_What is needed:_
Please copy the lines below, exactly as they are, from the one with "A factory emitting" through the one with "Image of kotart", and leave out the pictures.
┌─ Records to process
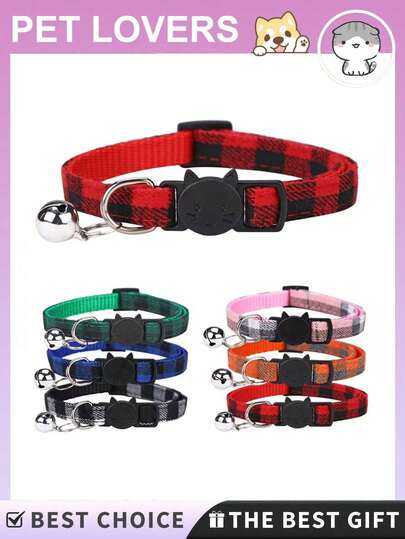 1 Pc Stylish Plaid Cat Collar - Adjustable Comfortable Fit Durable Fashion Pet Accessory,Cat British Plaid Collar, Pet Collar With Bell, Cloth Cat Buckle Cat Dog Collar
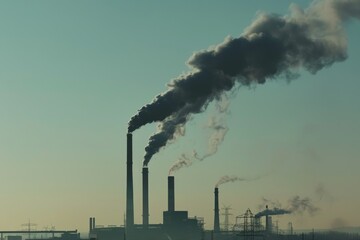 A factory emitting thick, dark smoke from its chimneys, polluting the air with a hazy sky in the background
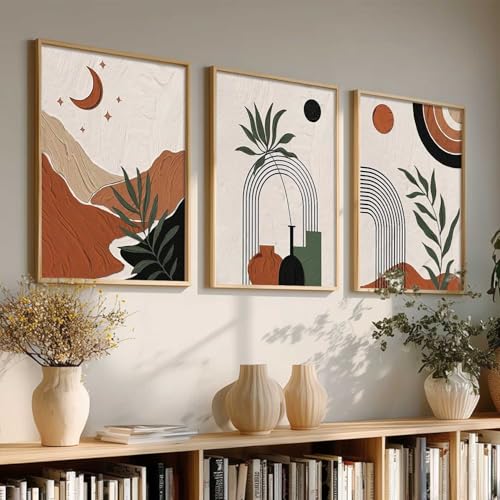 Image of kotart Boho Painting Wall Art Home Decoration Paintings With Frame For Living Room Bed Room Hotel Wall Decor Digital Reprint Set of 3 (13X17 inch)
└─
┌─ Records to process
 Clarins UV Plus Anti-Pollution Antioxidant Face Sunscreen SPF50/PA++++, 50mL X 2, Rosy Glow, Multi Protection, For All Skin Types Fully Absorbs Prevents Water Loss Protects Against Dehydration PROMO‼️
└─
_Exercise response:_
 A factory emitting thick, dark smoke from its chimneys, polluting the air with a hazy sky in the background
 Image of kotart Boho Painting Wall Art Home Decoration Paintings With Frame For Living Room Bed Room Hotel Wall Decor Digital Reprint Set of 3 (13X17 inch)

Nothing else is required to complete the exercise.